Repeat the data that follows exactly, starting at the line with "Load image into" and ending at the line with "Đàn Guitar Gỗ Mini 23 Inch 6 Dây", and leave out every picture.

**LISTED RECORDS:**
****************************************

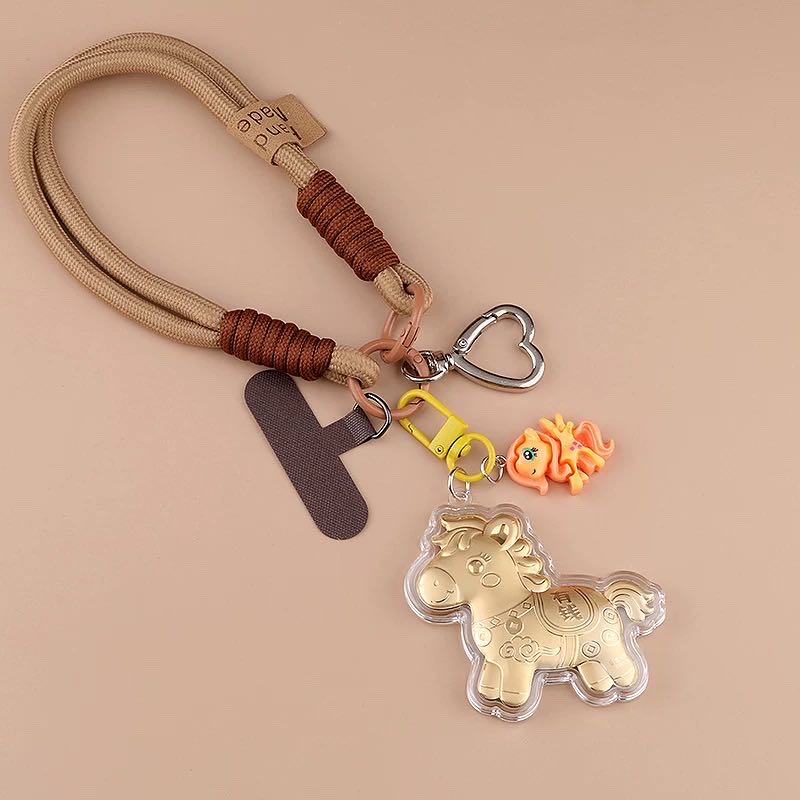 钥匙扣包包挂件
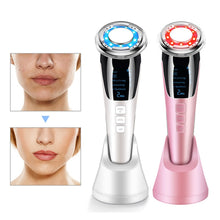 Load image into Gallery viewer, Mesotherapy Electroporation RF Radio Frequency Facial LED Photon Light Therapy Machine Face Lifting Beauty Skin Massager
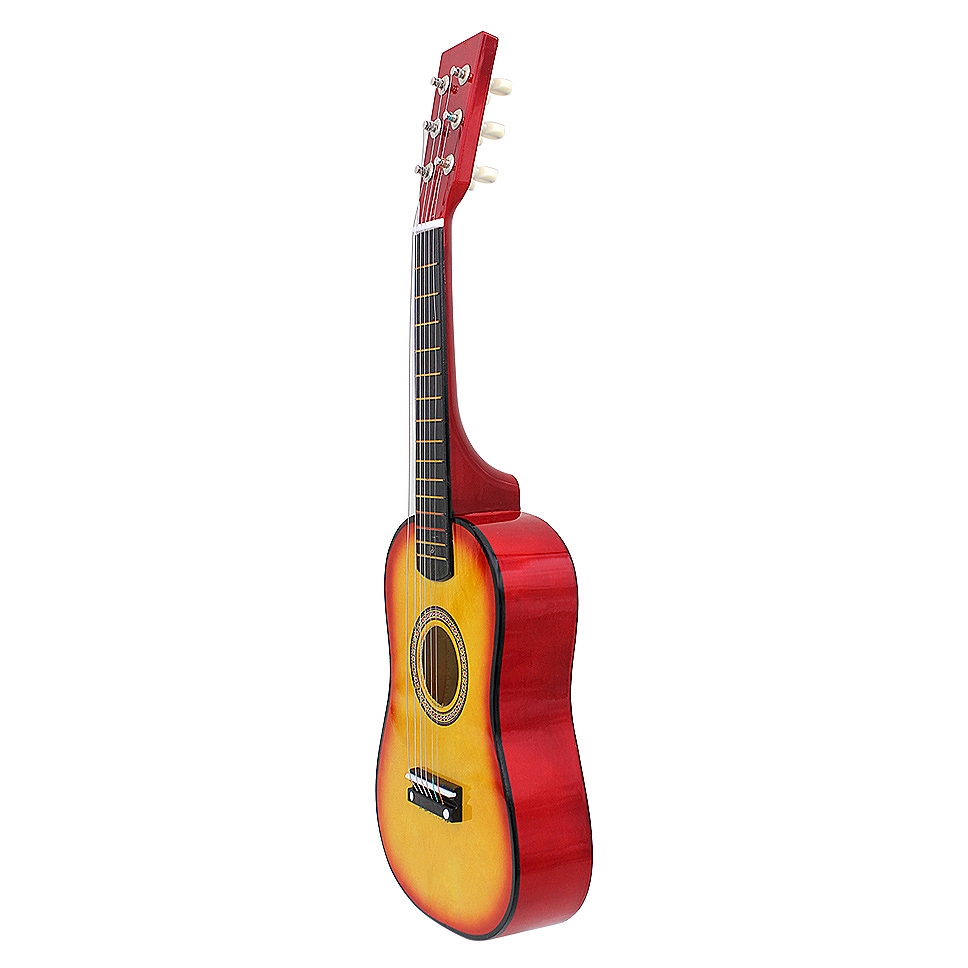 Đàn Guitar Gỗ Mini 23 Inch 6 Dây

****************************************

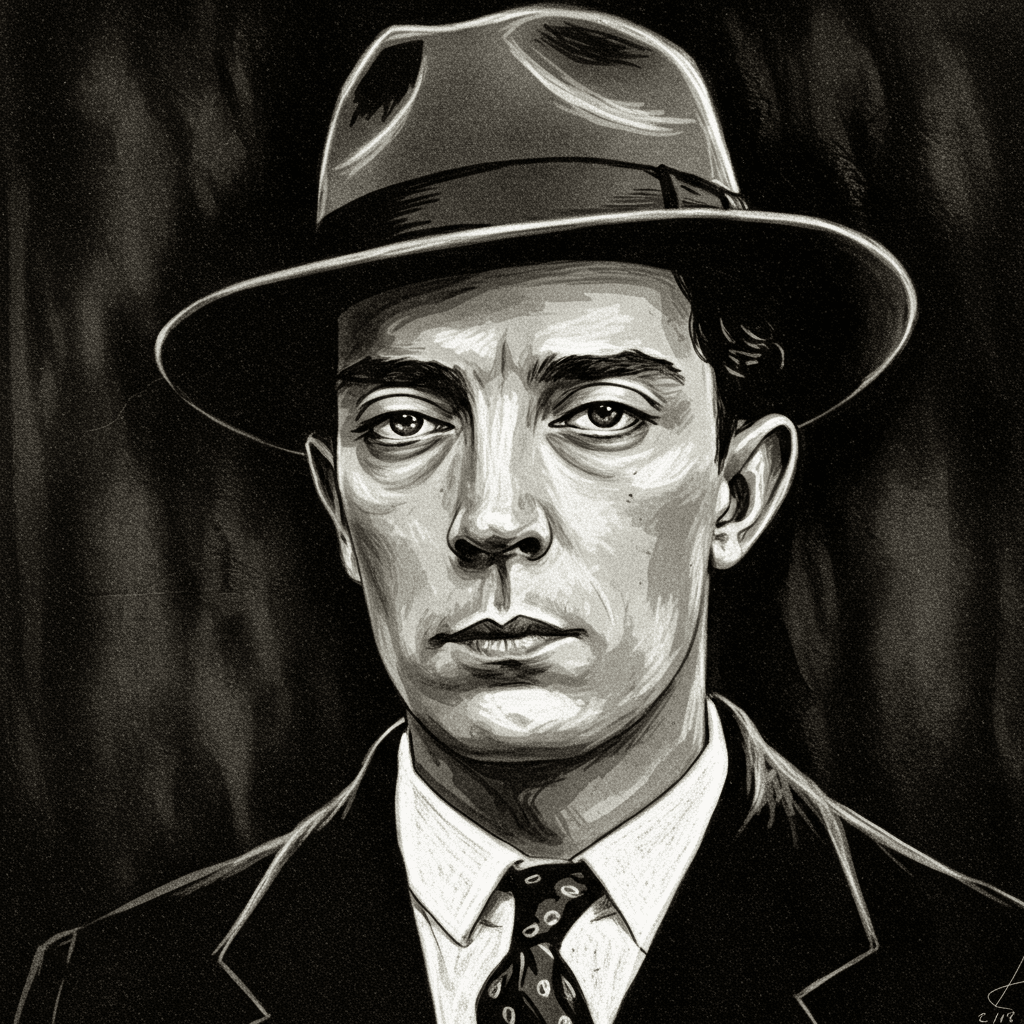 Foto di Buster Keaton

****************************************

**WRITTEN SOLUTION:**
 Load image into Gallery viewer, Mesotherapy Electroporation RF Radio Frequency Facial LED Photon Light Therapy Machine Face Lifting Beauty Skin Massager
 Đàn Guitar Gỗ Mini 23 Inch 6 Dây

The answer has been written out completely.